***** Dataset entries *****

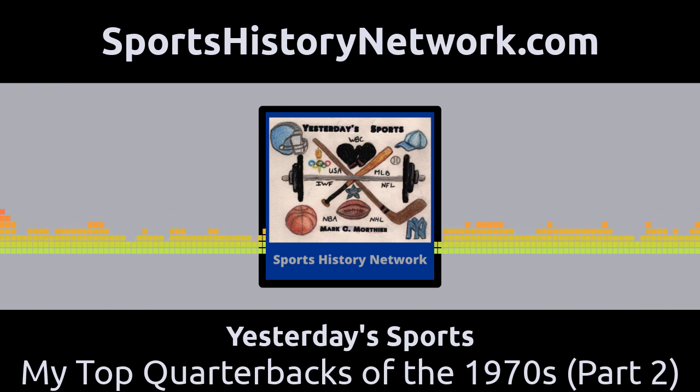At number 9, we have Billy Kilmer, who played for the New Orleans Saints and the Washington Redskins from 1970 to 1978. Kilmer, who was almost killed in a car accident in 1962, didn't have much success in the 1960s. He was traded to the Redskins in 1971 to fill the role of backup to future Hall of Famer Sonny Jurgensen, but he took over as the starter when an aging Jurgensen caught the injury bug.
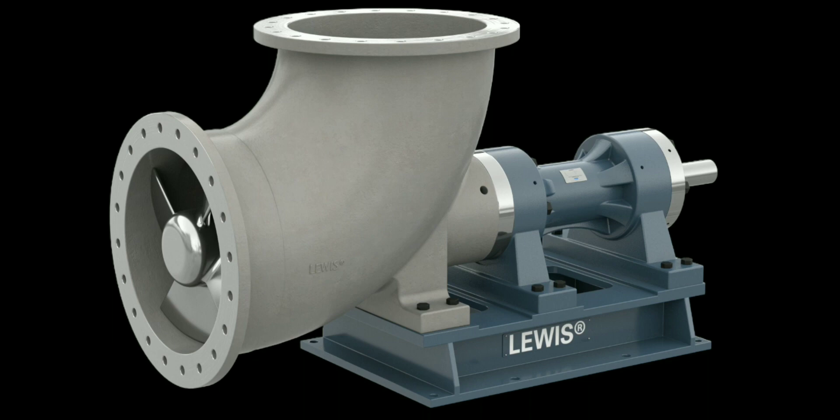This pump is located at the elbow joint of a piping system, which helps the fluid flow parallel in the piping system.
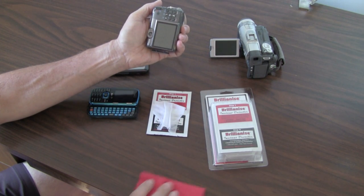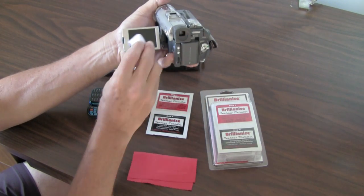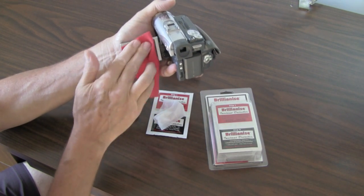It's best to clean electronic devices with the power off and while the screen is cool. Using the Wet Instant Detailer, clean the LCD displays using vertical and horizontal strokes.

*****
***** Dataset entries *****

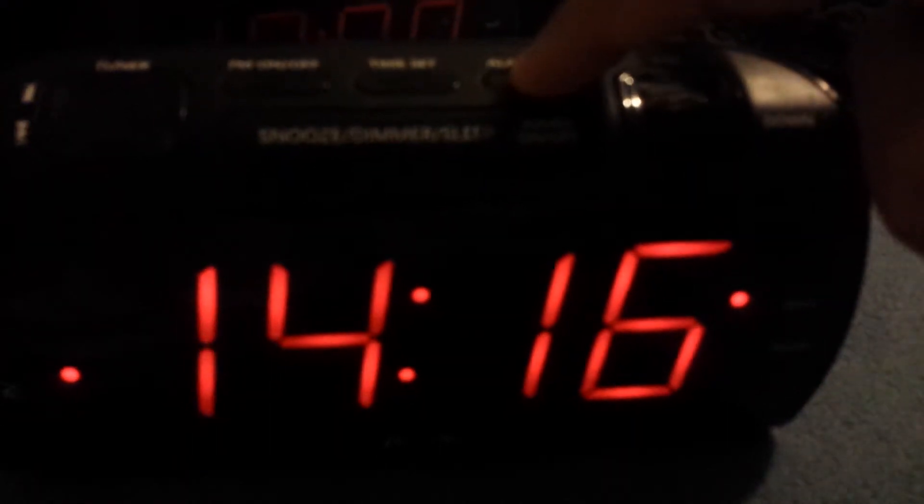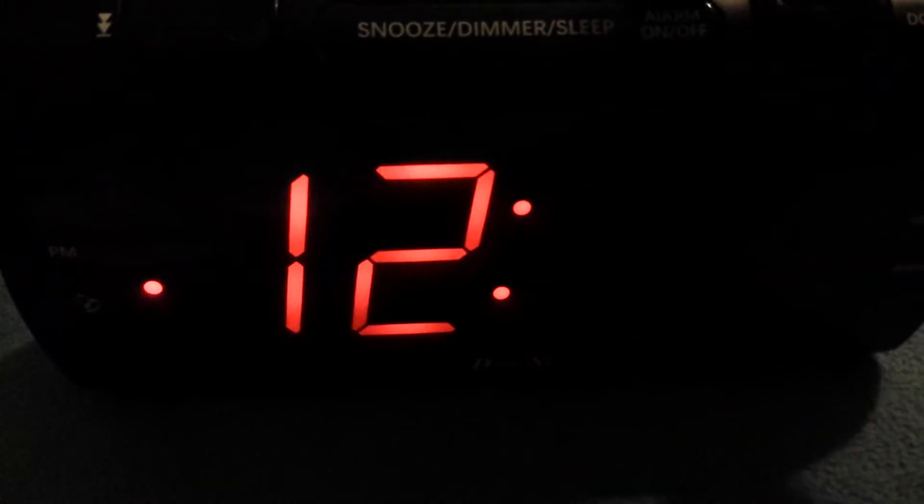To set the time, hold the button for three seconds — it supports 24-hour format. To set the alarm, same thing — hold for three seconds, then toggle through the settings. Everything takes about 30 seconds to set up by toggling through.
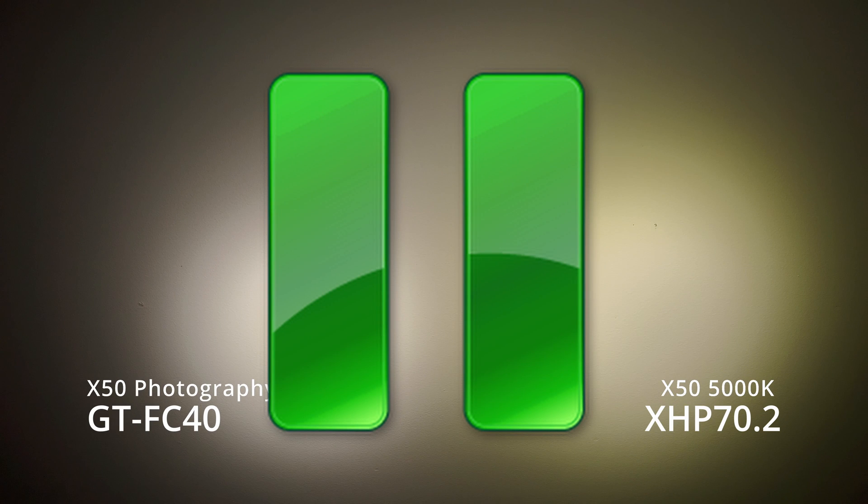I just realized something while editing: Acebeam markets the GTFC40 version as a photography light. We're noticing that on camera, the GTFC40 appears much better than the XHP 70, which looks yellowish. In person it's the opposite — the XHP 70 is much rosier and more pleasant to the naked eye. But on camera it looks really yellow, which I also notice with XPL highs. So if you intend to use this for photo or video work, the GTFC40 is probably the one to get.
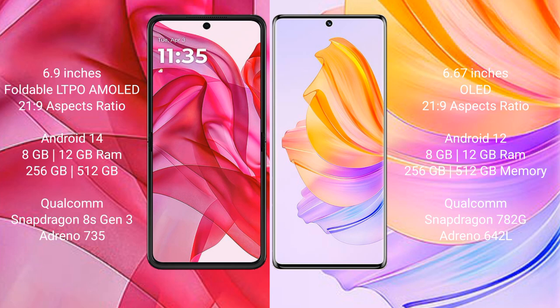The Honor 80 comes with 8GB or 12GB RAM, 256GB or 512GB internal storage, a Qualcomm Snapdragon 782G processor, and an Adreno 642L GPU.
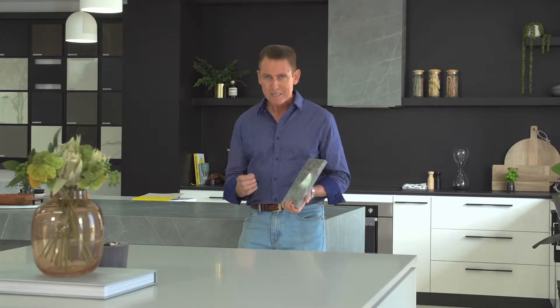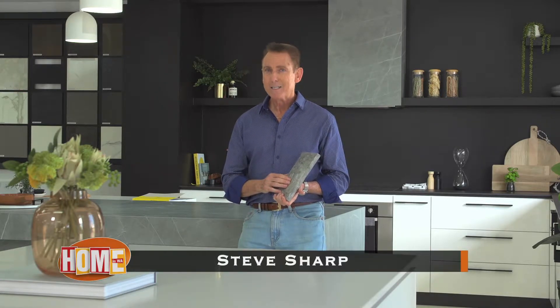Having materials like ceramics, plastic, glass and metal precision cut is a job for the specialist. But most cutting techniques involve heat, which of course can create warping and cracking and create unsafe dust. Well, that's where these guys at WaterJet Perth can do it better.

*****
***** Dataset entries *****

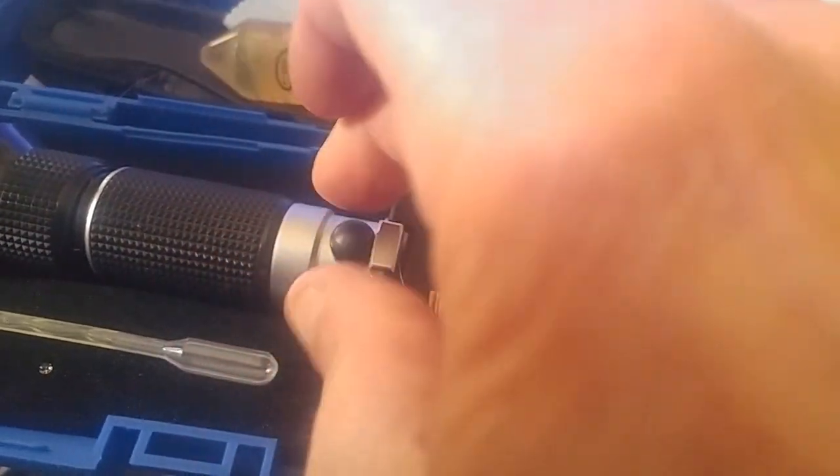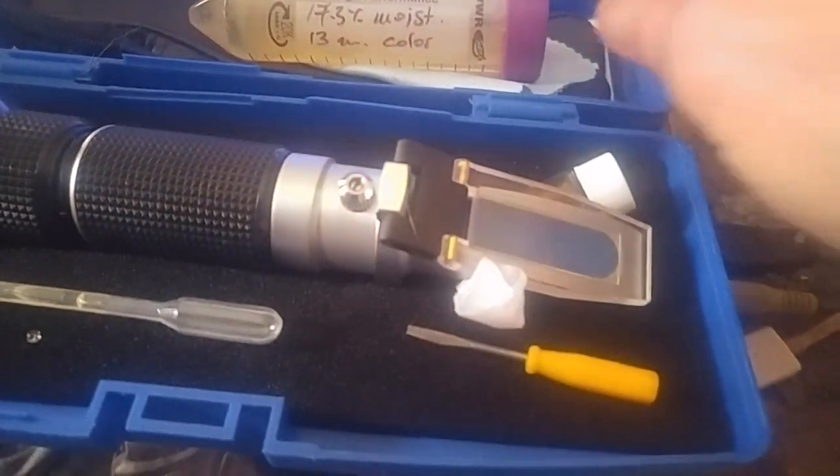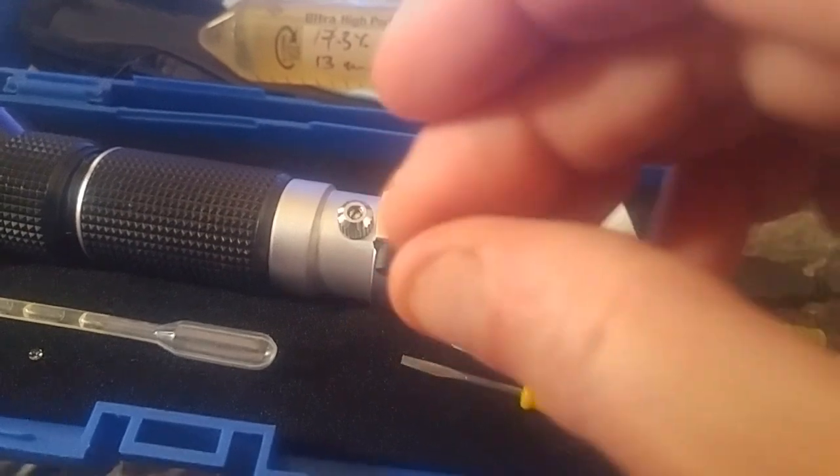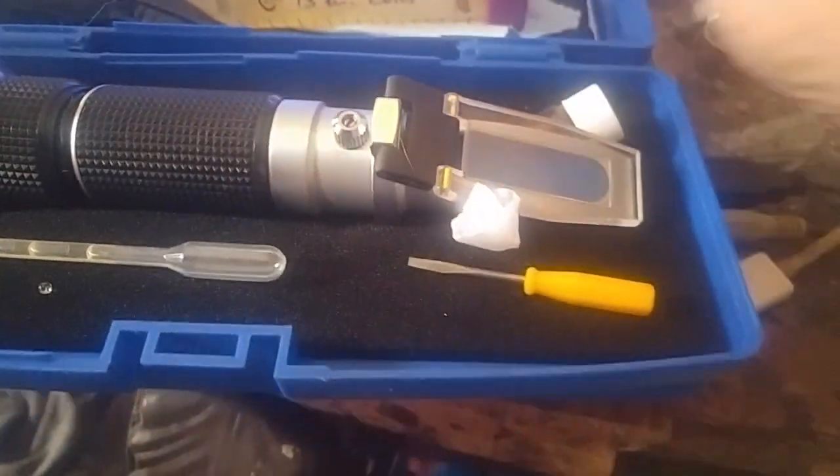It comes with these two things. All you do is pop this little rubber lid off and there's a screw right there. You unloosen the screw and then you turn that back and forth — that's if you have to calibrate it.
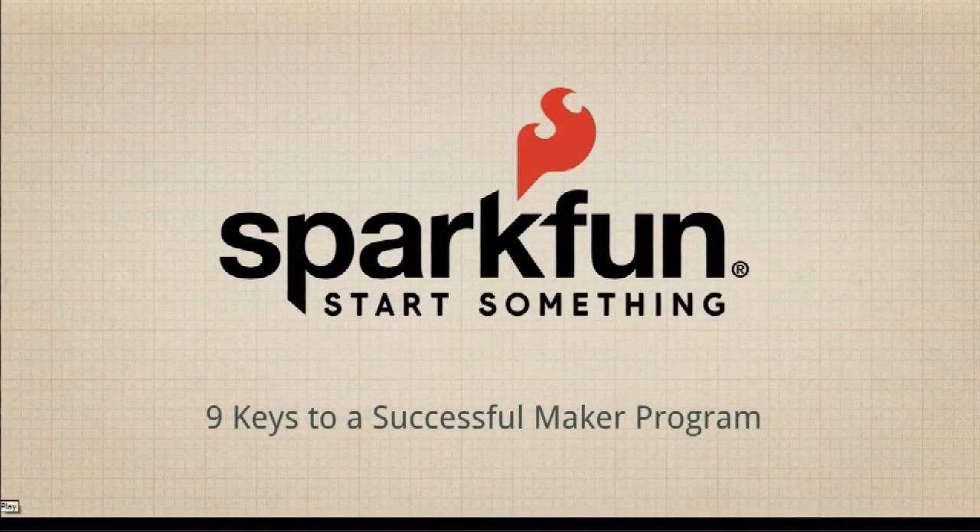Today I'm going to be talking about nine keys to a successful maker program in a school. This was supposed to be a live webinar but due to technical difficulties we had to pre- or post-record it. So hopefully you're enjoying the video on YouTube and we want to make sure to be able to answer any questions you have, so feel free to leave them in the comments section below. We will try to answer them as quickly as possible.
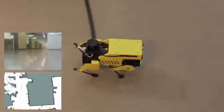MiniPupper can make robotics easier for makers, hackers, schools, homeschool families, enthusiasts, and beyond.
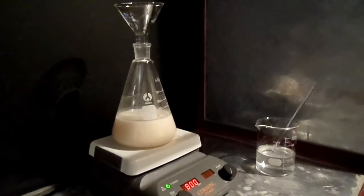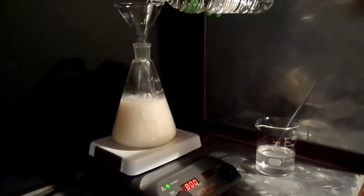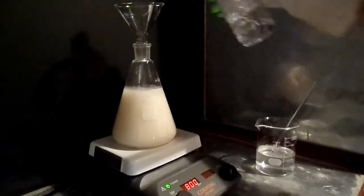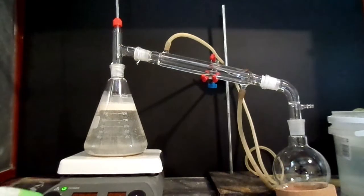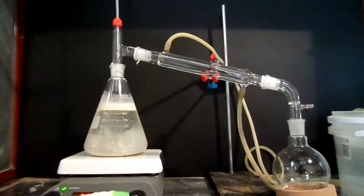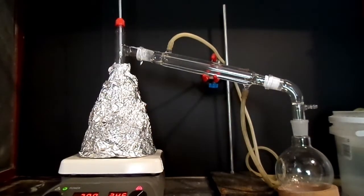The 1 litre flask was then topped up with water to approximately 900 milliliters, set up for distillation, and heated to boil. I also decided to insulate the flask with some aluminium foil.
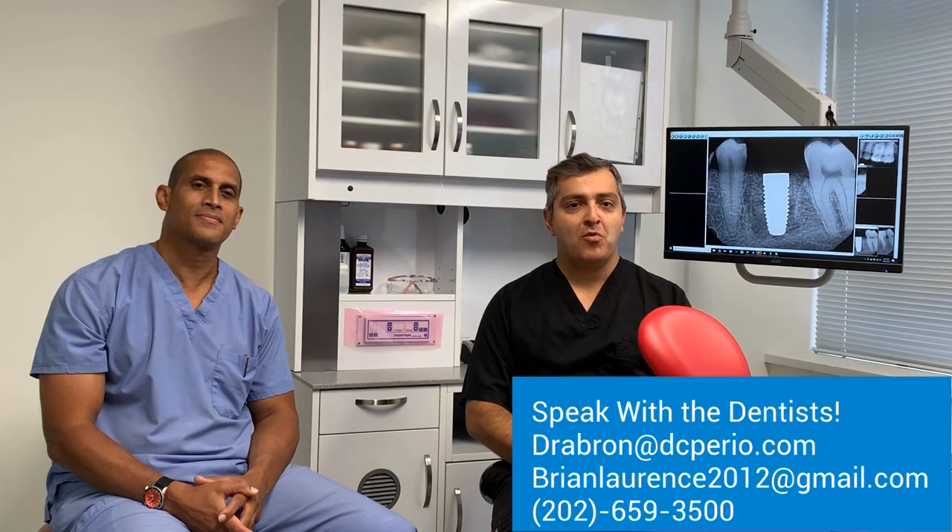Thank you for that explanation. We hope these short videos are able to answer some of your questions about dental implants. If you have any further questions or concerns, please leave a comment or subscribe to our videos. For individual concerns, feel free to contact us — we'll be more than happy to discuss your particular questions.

*****

- [Prompt] Within the listing above, print exactly the stretch beginning at the line that contains "At number 9, we" and finishing at the line that contains "It's best to", ends kept, pictures left out, and nothing more.

- [Your response]
At number 9, we have Billy Kilmer, who played for the New Orleans Saints and the Washington Redskins from 1970 to 1978. Kilmer, who was almost killed in a car accident in 1962, didn't have much success in the 1960s. He was traded to the Redskins in 1971 to fill the role of backup to future Hall of Famer Sonny Jurgensen, but he took over as the starter when an aging Jurgensen caught the injury bug.
This pump is located at the elbow joint of a piping system, which helps the fluid flow parallel in the piping system.
It's best to clean electronic devices with the power off and while the screen is cool. Using the Wet Instant Detailer, clean the LCD displays using vertical and horizontal strokes.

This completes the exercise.